Note that no check is performed on whether the length of the lexeme exceeds the size of the main buffer, in which case, the lexeme returned will be incorrect.

Also note that a call to this function may fail if the end of the file has already been reached. In that case, false is returned, and the calling function also has to fail -at least, it's obvious. In that case, the macro FWD can be used. It has been defined as

  if (!Fwd())
    return false;
We can rewrite the part of routine to skip spaces described above in a safer manner:
  LexmStart = LexmEnd;
  while (Charset[*LexmEnd] == LX_CHAR_SPACE)
    FWD;		// returns if Fwd() fails
You are strongly encouraged to use these macros as it provides a facility to deal with errors, in a much secure way.


Bwd()

 
      virtual void Bwd()

Moves the end-of-lexeme marker (or pointer) LexmEnd one position backwards.

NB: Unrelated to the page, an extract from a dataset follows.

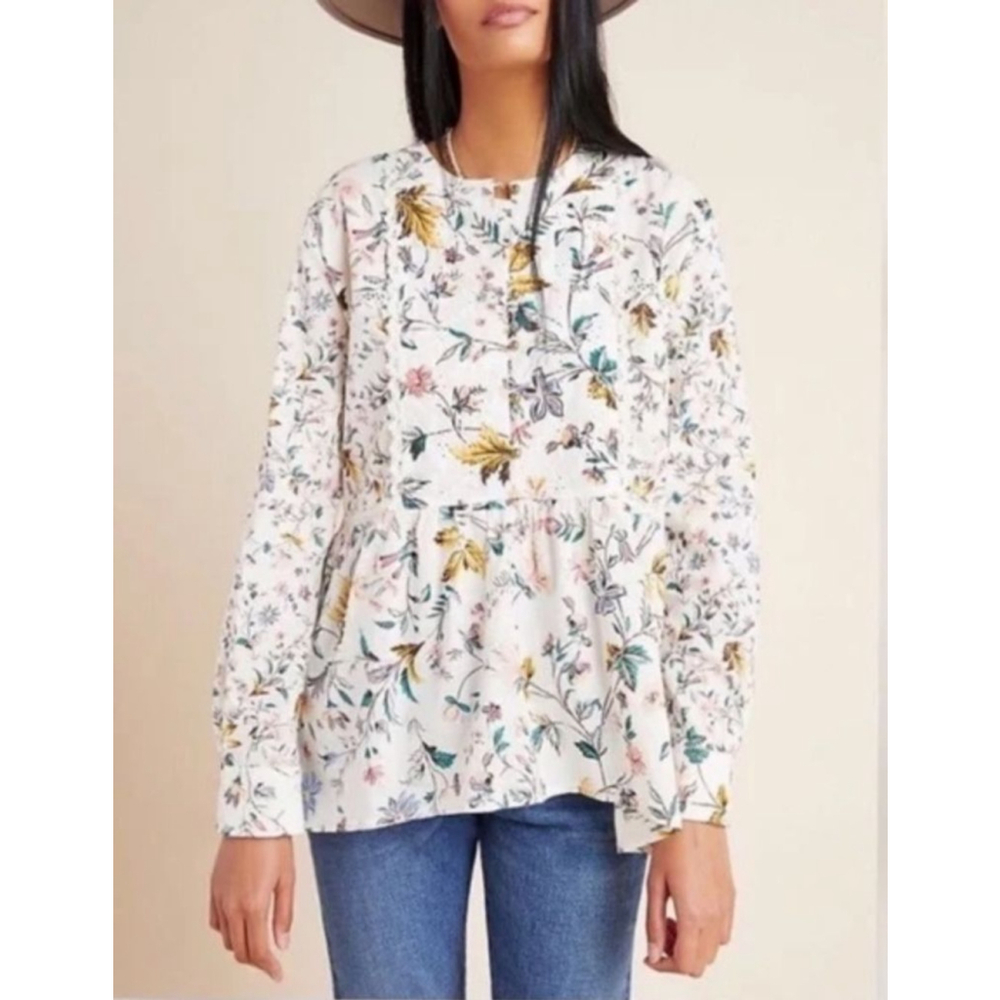 ANTHROPOLOGIE Ginevra Lace Babydoll Blouse M White Floral Long Sleeve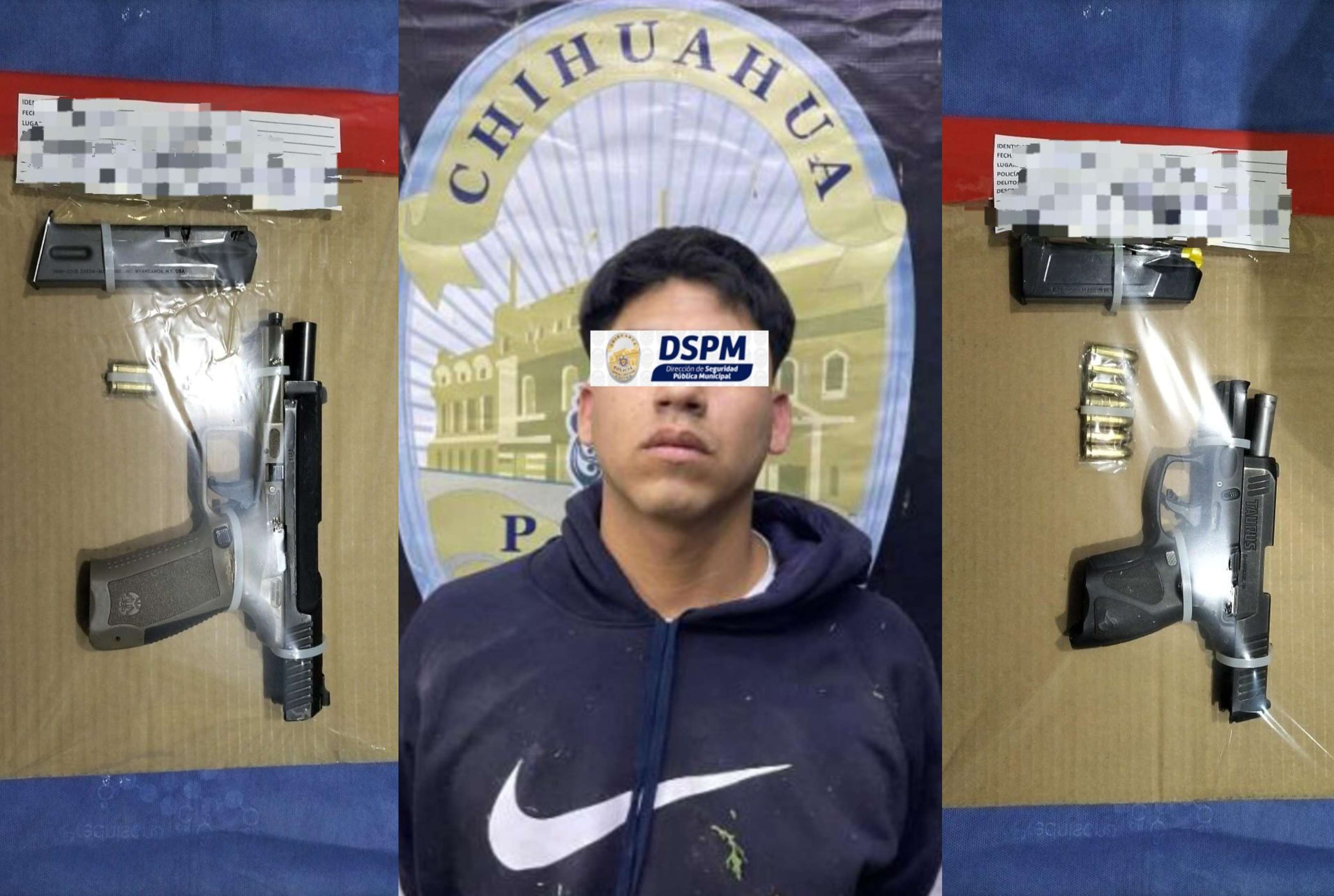 Cae jovencito con cristal y dos pistolas cargadas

Note that LexmEnd will never get beyond LexmStart. If asked to do so, false is returned.

Also note that in much the same way as for Fwd(), a macro has been defined as:

  if (!Bwd())
    return false;
You are strongly encouraged to use these macros as it provides a facility to deal with errors, in a much secure way.


SetChar()

      void SetChar(char Char, uint8 Code)
      void SetChar(char CharStart, char CharEnd, uint8 Code)

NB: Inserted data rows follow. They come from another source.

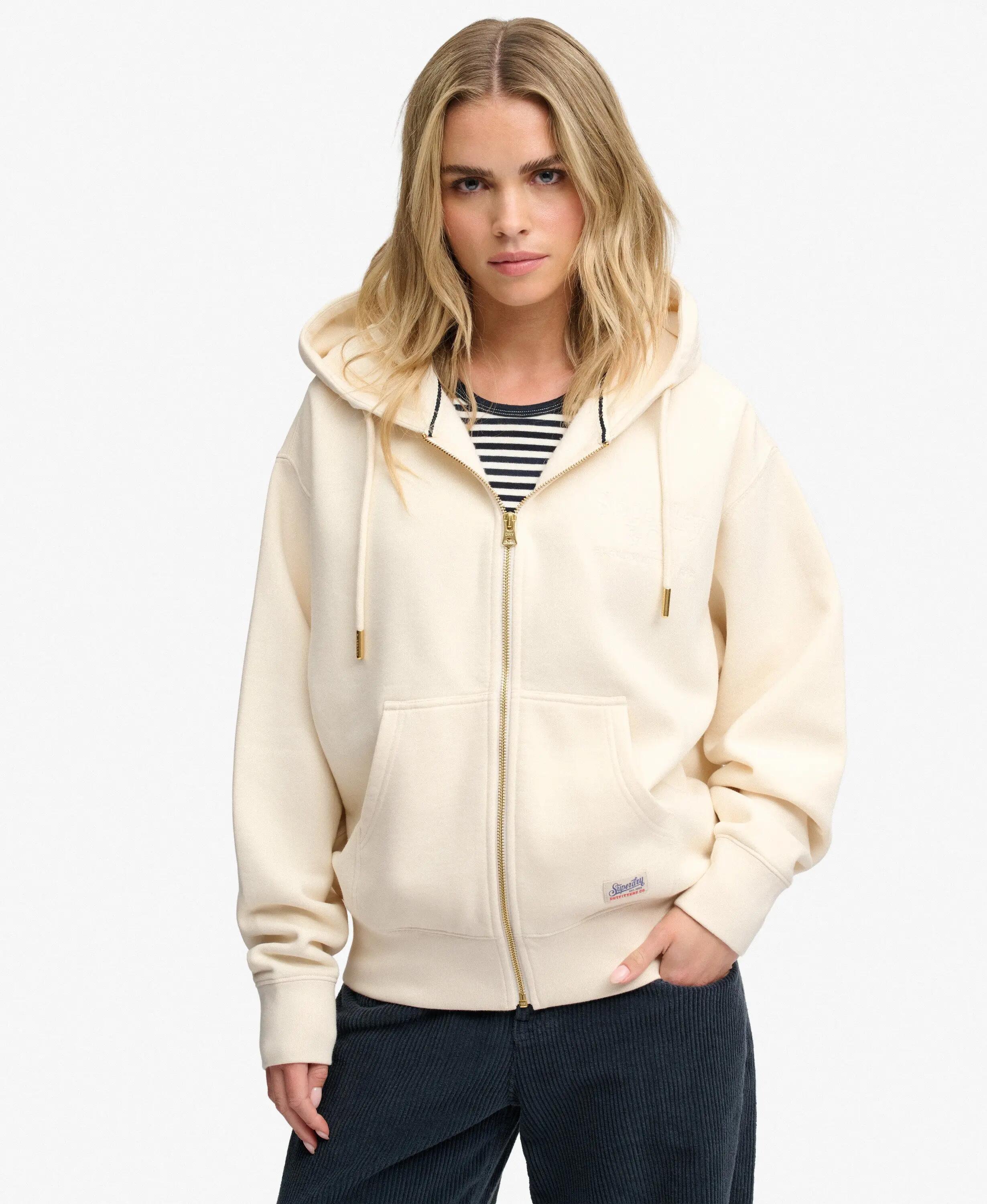 superdry Luxe Casual Zip Hoodie in cotone misto - Vestibilità relaxed 5/7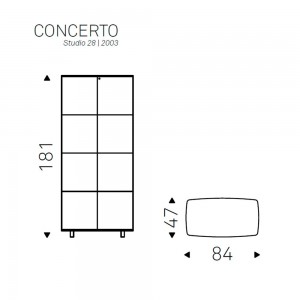 Vitrina Concerto de Cattelan Italia. Muebles modernos italianos. Vitrina moderna.
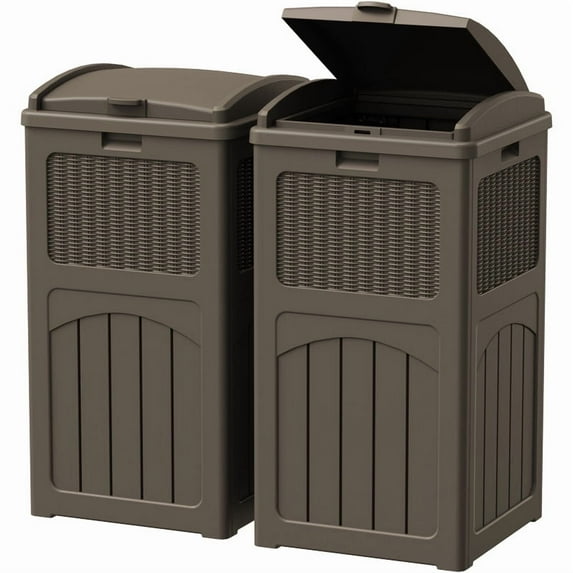 Homall Homes 2 PCS 36 Gallon Trash Can Plastic Kitchen Trash Can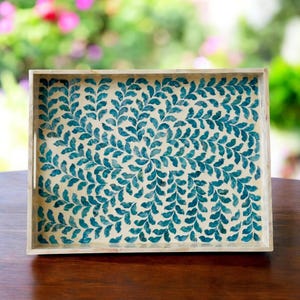 Wooden Serving Tray Inlay Nacre Ottoman Tray with Handle Coffee Tray, Tea tray, Cocktail Tray, Breakfast Tray, Bracelet Tray, Floral Pattern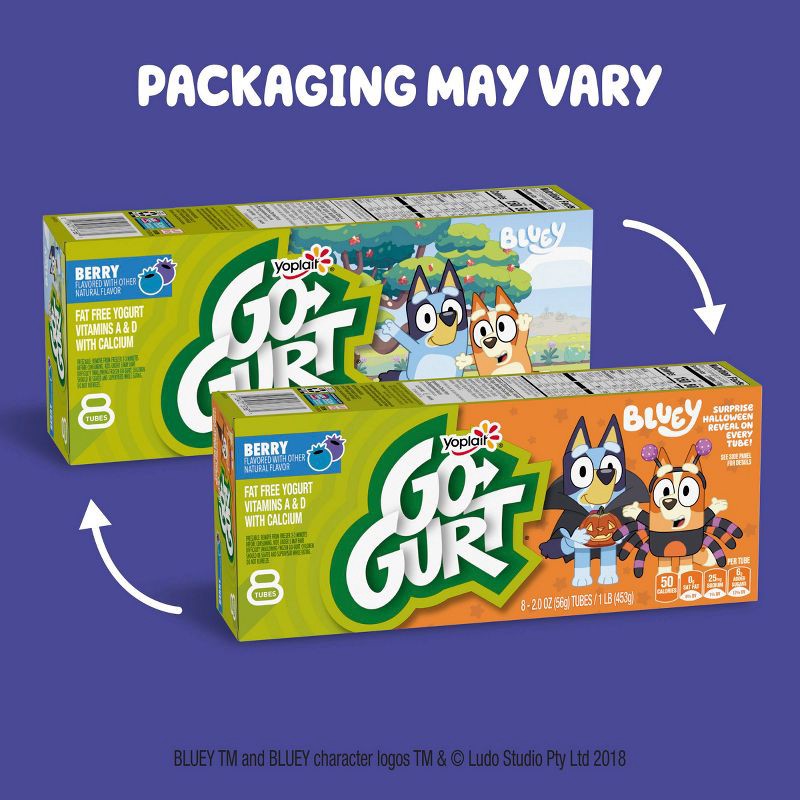 slide 2 of 14, Yoplait Go-Gurt Strawberry and Blueberry Kids' Yogurt Tubes - 2oz/8ct, 8 ct; 2 oz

The first method assigns the code of the character Char to Code. The second method sets the code of the characters whose ASCII code is between CharStart and CharEnd to Code


SetDefaultCharset()

      void SetDefaultCharset()

When called, apply the following mapping to the characters' code:

  SetChar(0, 255, LX_CHAR_ILLEGAL);

  SetChar('a', 'z', LX_CHAR_ALPHA);
  SetChar('A', 'Z', LX_CHAR_ALPHA);

  SetChar('0', '9', LX_CHAR_DIGIT);

  SetChar(' ', LX_CHAR_SPACE);
  SetChar('\t', LX_CHAR_SPACE);
  SetChar('\n', LX_CHAR_SPACE);
If needed, one can call SetDefaultCharset() and modify some other codes.

Note that these codes must fit in a 8-bit integer.

Going back to the DFA concept and its equivalent in "regular" programming (procedures), it is clear that a single charset can't handle every single situation, given that for each state of the DFA, a different charset is needed.
However, for simple input files, it can be enough.


AddSymbol()

 
      bool AddSymbol(Symbol* Sym)

This function adds the symbol given in parameter to the symbol table. If the symbol already exists, false is returned, and the symbol is not added. Otherwise, the symbol is added and true is returned.

Note that there is neither scope nor overloaded names support.


SearchSymbol()

 
      Symbol* SearchSymbol(char* SymbolName)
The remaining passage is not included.